Observar aquele casal foi como presenciar a “manifestação de Deus” ali do meu lado. O modo como eles se relacionavam, conversavam, davam risadas, se beijavam, faziam caretas, enfim, tudo o que eles faziam era de mente tranquila, sem se importar com nada ao redor, e muito menos com o fato de serem vistos. O que importava pra eles ali, naquele momento, era a leveza e a simplicidade do amor.
Ver aquilo renovou em mim a esperança de como a manifestação do amor é real e verdadeiro quando pessoas se entregam a ele, sem medo e sem medir riscos. Não me refiro à entrega de paixões burras e loucas, mas à pureza e a leveza que o amor proporciona ao coração.
Hoje estamos muito fissurados em esticas e aparências, na correria frenética por status e posições, se importando com moral e gestos pra exercer a vida, tudo sempre feito na busca de fortalecer o exterior, enquanto por dentro vamos definhando dia a dia. Aquele casal não queria saber se um era mais bonito que o outro; eles estavam interessados no que realmente importa: no amor.
Aqueles dois cegos fizeram cair por terra o adágio popular que diz “o amor é cego”. Pelo contrário, eles ensinaram que “o amor abre os olhos de quem quer realmente enxergar”. Esta foi a lição de Jesus naquele contexto: enquanto toda a cúpula estava preocupada com o que o menos interessava, isto é, se preocupar com que o ex-cego dizia e com quem o havia curado, se esqueceram de ver que aquele cego agora estava curado; ou seja, ver que aquele cego estava curado era menos importante do que saber quem o havia curado e por que aquele homem dizia tais coisas.

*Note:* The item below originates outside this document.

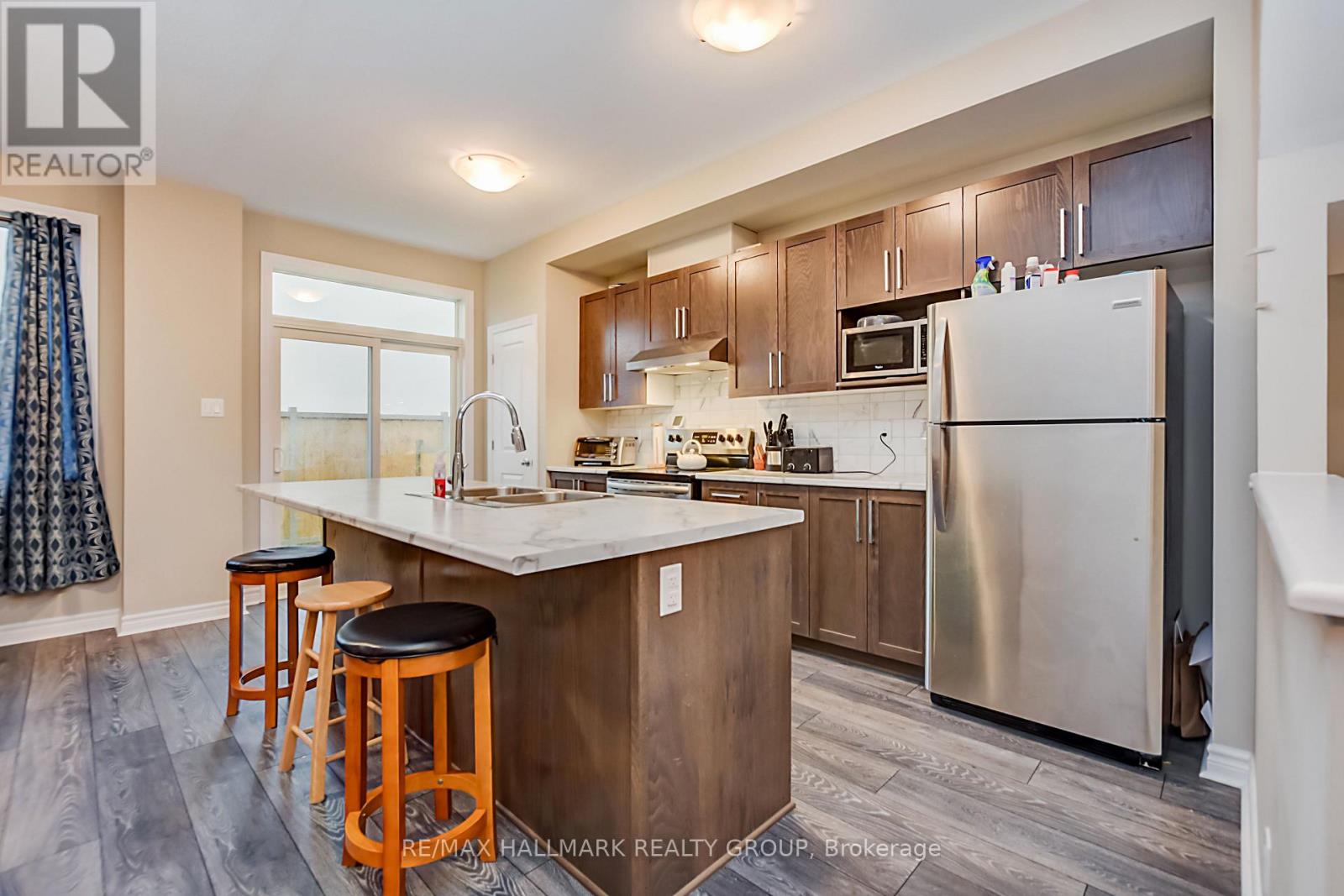 271 Mountain Sorrel Way, Ottawa, Ontario  K4A 1H6 - Photo 11 - X12489928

O poder, o status, o exterior, o ódio, a cobiça haviam cegado aquele homens, ainda que eles enxergassem. Quem anda neste espírito sempre será cego. Quem tem medo do amor sempre andará nas trevas. Quem vive a vida se privando dos percalços sempre viverá em oposição à luz. Quem se preocupa com coisas que pouco importam sempre será cego. Viver a vida sem amor é realmente cair na cegueira, pois vendo a pessoa não vê; contemplando não consegue enxergar. Enquanto estivermos presos aos desejos e ligados as influências cegas do nosso orgulho e desejos desenfreados, ainda que se diga “eu vejo”, pra Jesus não passamos de “cegos".